§ **Task instructions**:
Starting at the line that contains "Kids Camera Instant", transcribe every remaining line of the data below exactly, and omit all pictures.

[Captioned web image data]
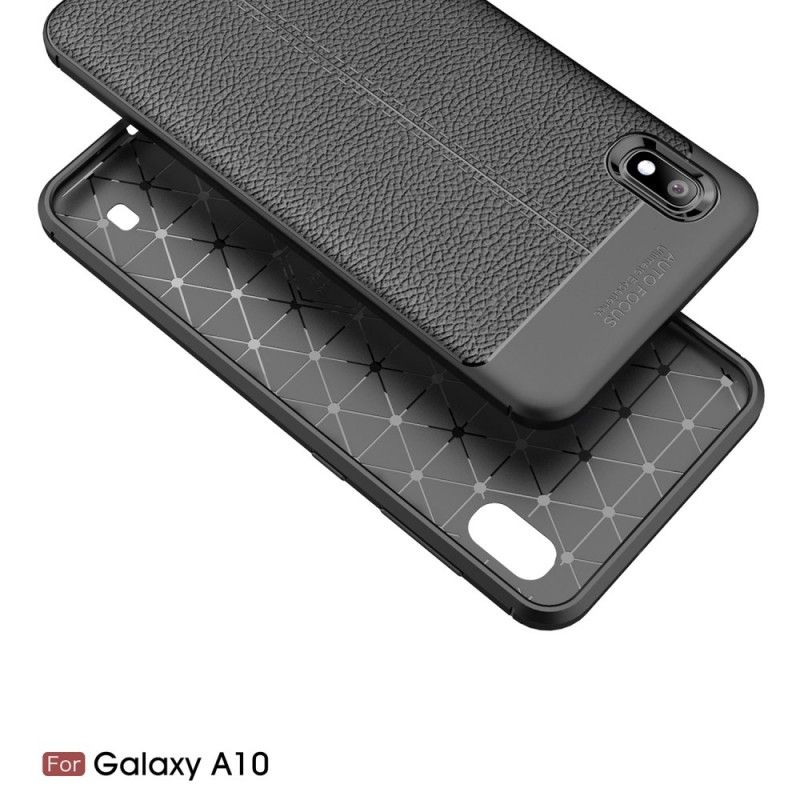 Hülle Samsung Galaxy A10 Schwarz Doppellinien-Litschileder-Effekt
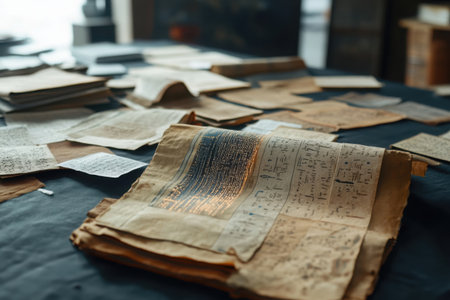 Numerous manuscripts and papers are spread across a table, revealing handwritten texts and sketches.の素材
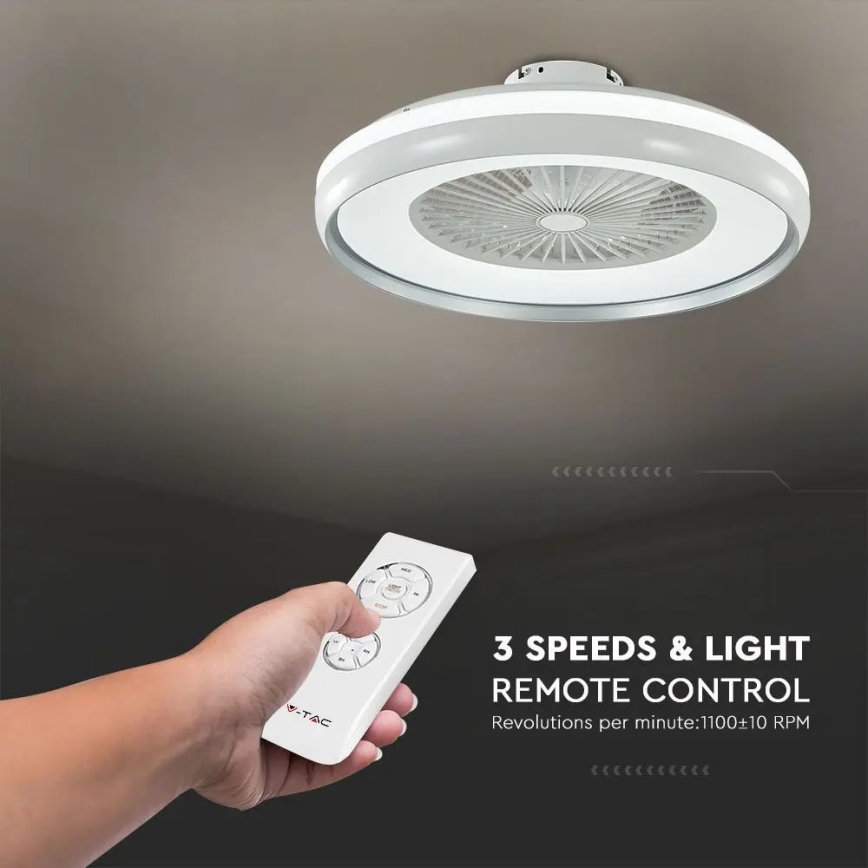 LED-kattovalaisin tuulettimella LED/45W/230V 3000/4000/6500K harmaa + kauko-ohjaus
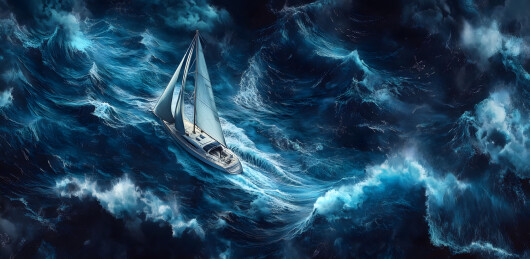 惊涛骇浪中的孤帆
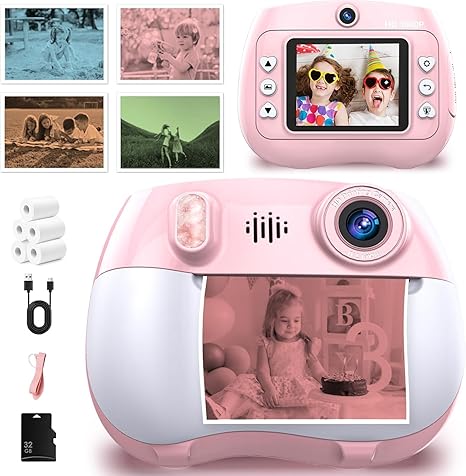 Kids Camera Instant Print 1080P Front Rear Dual Selfie - Kids Digital Camera with Video Games, 32GB & 5-Color Print Paper/ 250 Photos,Easy to Use & Great Toys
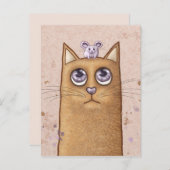 Illustratie kat en muis briefkaart (Voorkant / Achterkant)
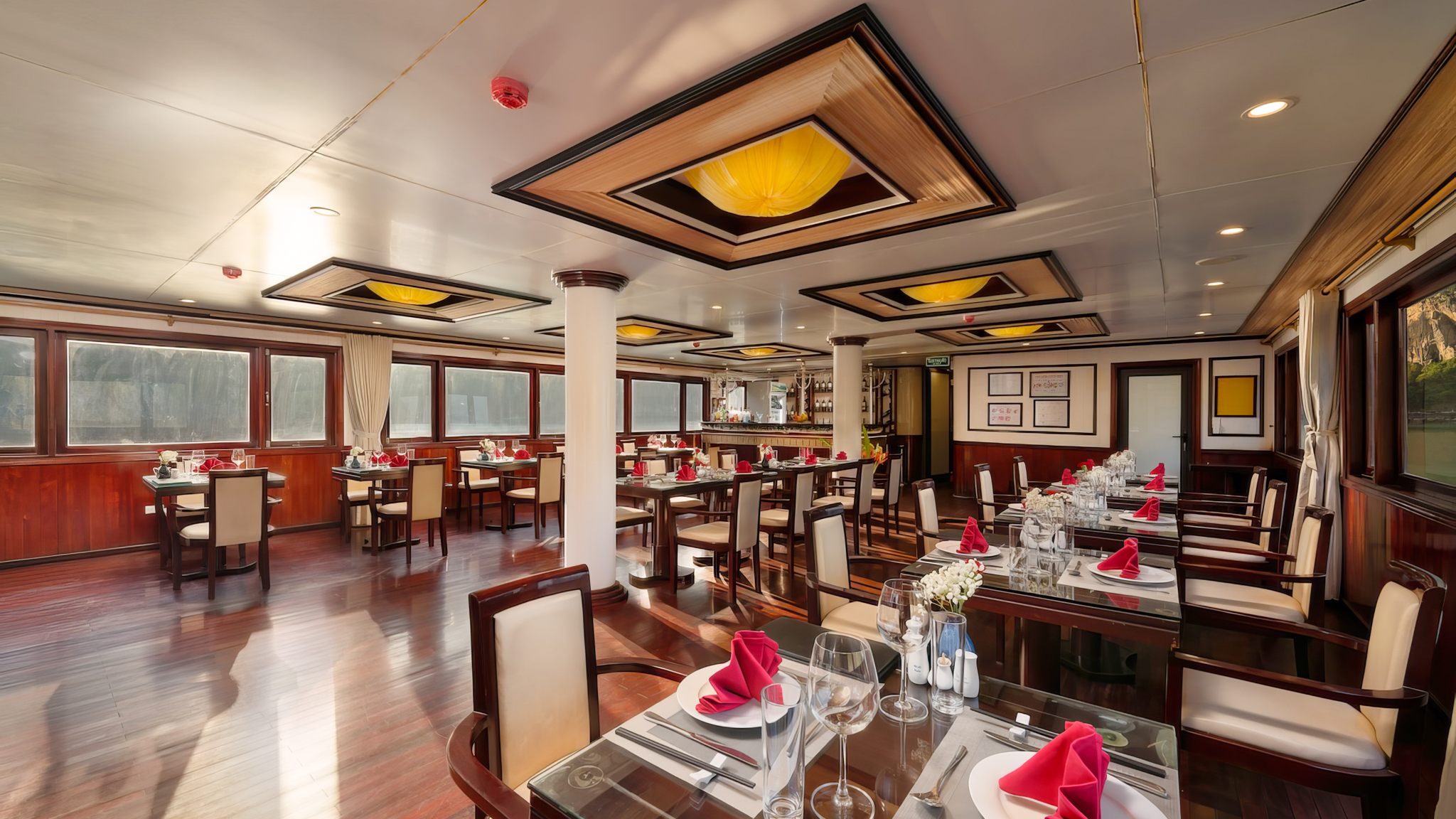 Spacious Restaurant and Bar Onboard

§ **Solved exercise**:
 Kids Camera Instant Print 1080P Front Rear Dual Selfie - Kids Digital Camera with Video Games, 32GB & 5-Color Print Paper/ 250 Photos,Easy to Use & Great Toys
 Illustratie kat en muis briefkaart (Voorkant / Achterkant)
 Spacious Restaurant and Bar Onboard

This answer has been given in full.